After a hiatus of many years, garden mania has once again taken over my soul and my house. Seeds are germinating in my art room while sweet potatoes hide in our coat closet and tomato seedlings await their peat pots on the kitchen counter. These days you’ll find me wandering around with a plant mister and planning charts while checking projected night-time temps on my phone and muttering about frost-free dates in my sleep.
On gusty nights I wake up in a cold sweat wondering how my lettuce starts are faring now that they’re finally hardening off in the unheated greenhouse that tends to lose its panels in a strong wind. I’ve been known to rescue them after dark for an overnight stay in the protection of my house, much like a parent sheltering her young from the blows of life.

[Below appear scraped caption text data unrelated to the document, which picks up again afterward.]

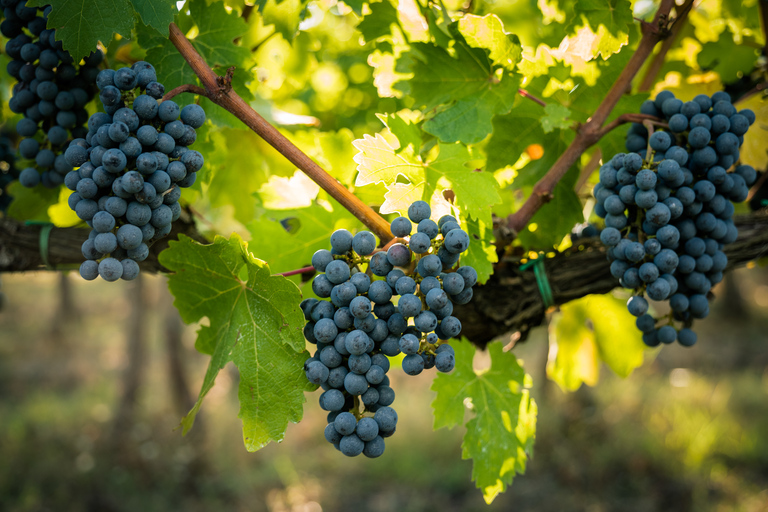 Florence: excursion privée d'une journée dans les vignobles du Chianti en Toscane avec déjeuner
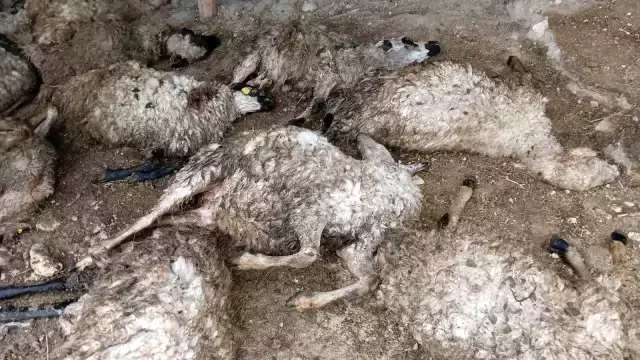 Koyunların Korkusu İzdihama Neden Oldu: 11 Koyun Telef Oldu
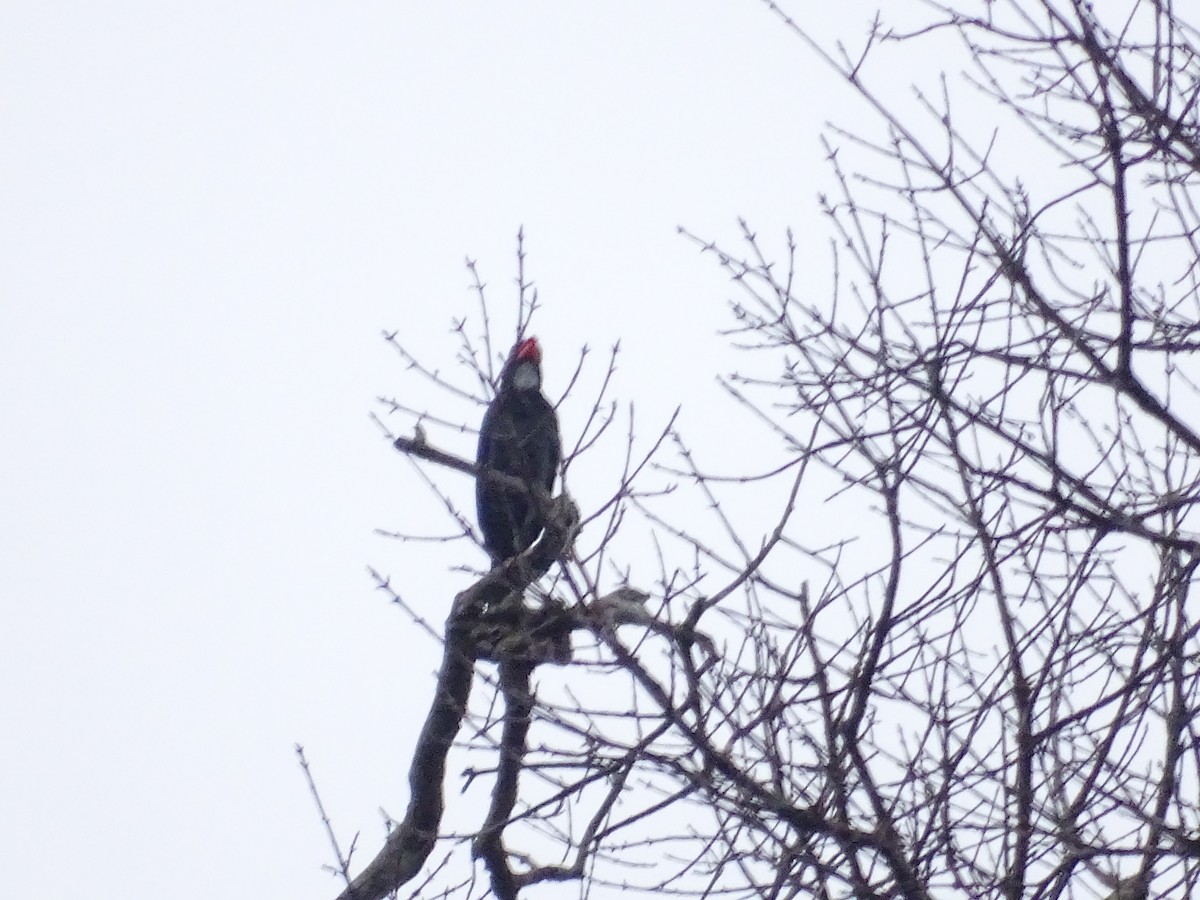 Slate-colored Grosbeak - ML145232041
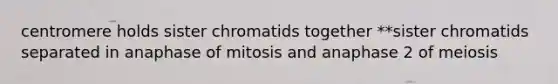 centromere holds sister chromatids together **sister chromatids separated in anaphase of mitosis and anaphase 2 of meiosis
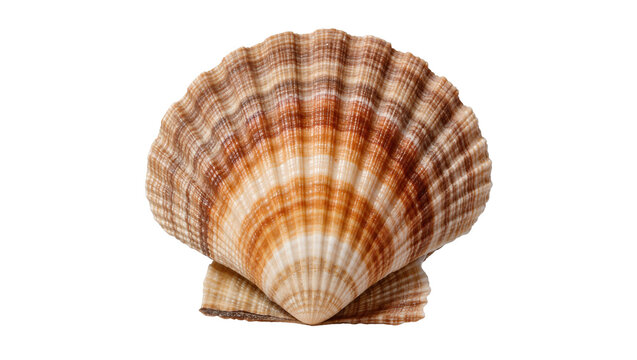 Natural brown and white striped scallop seashell, isolated on transparent background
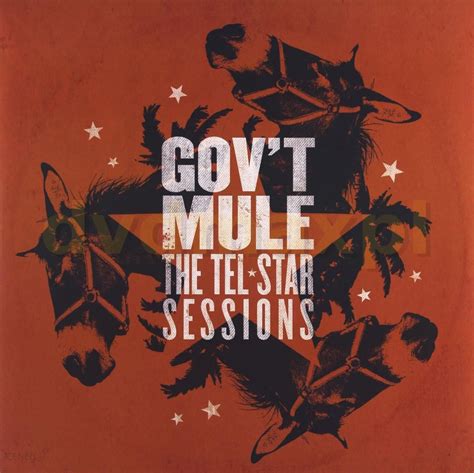 Płyta Winylowa Govt Mule The Tel Star Sessions 2xwinyl Ceny I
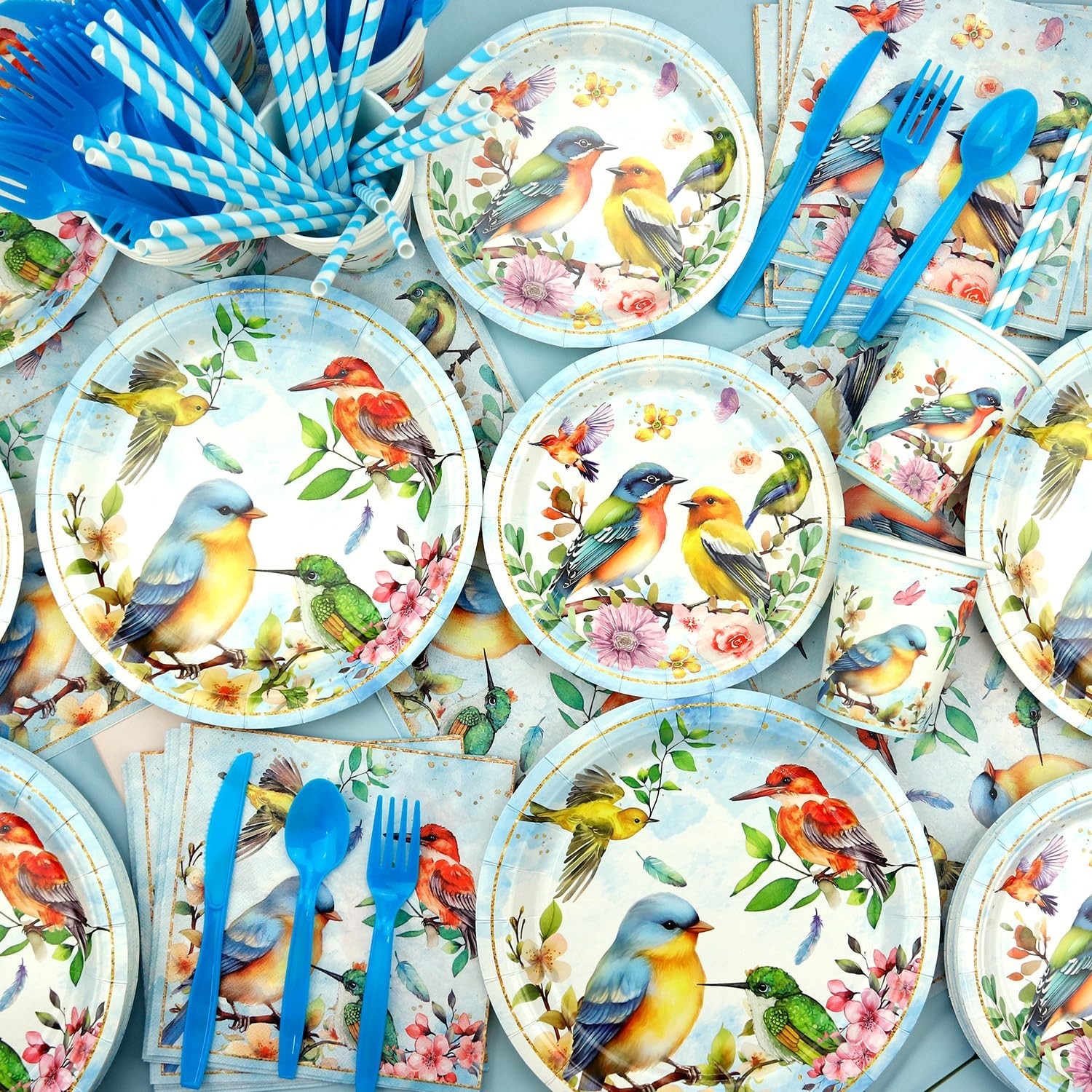 Bird Theme Party Supplies Set – Birthday Backdrop, Plates, Cups, Tablecloth, Bal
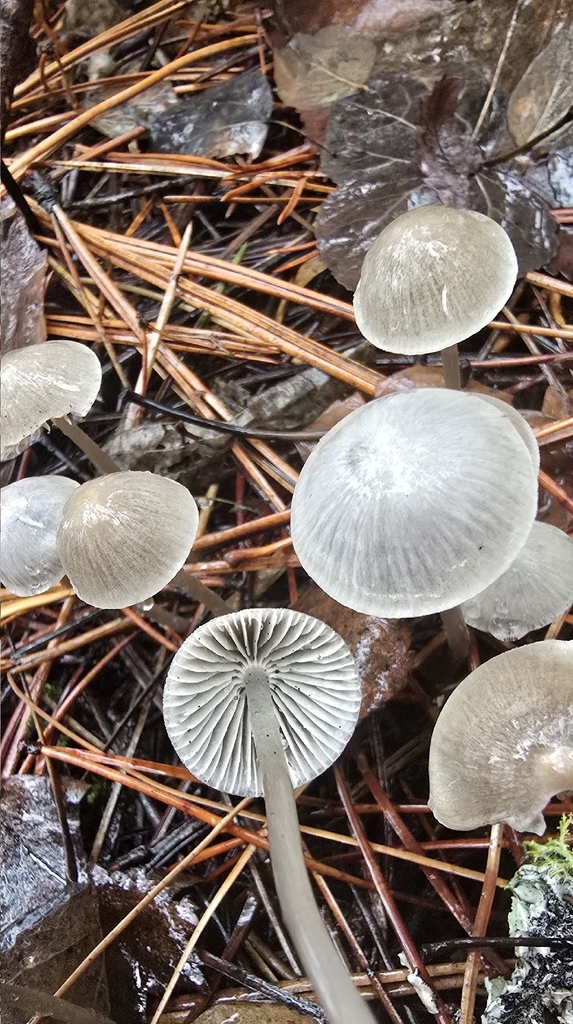 Mycena sp. 'IN22'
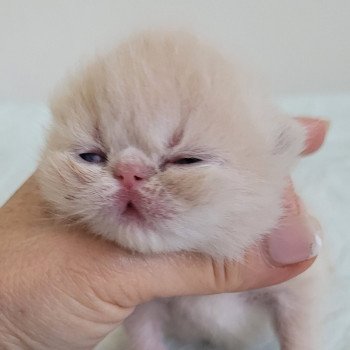 chaton Exotic Shorthair cream collier violet Chatterie Katzarolli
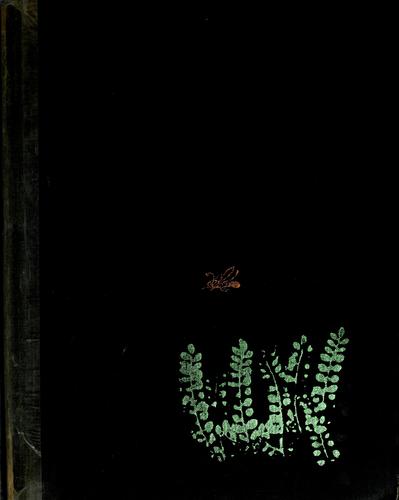 Cover of A Firefly Named Torchy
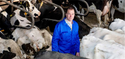 ‘Als je 185 koeien melkt, moet je het werk gemakkelijk maken’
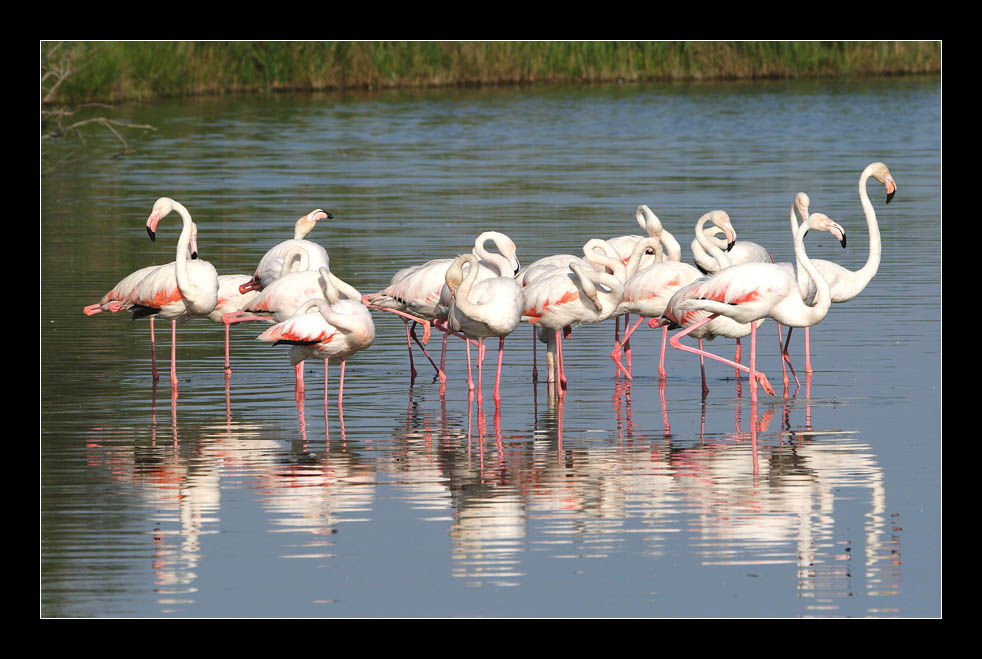 Flamingos im Abendlicht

Nearly twenty years since my last foray into seed starts and county extension handouts, I’ve found that much has changed with the proliferation of new technology in growing lights and heating mats, but very little in terms of my anxiety and protectiveness toward my “plant” progeny.
And while garden centers and box stores will be full of perfectly potted specimens lined up in pristine rows to pop into soil when the weather finally warms up enough to shed our winter coats, the little farm where I live grows organic with an eye to the unusual and the flavorful, and strongly supports the seed companies that provide ethically obtained, preferably heirloom seeds that are untreated and unsullied by the corruption of corporate tampering.
Besides, that first taste of juicy home-grown heirloom tomato will be well worth the vegetable invasion overtaking my home.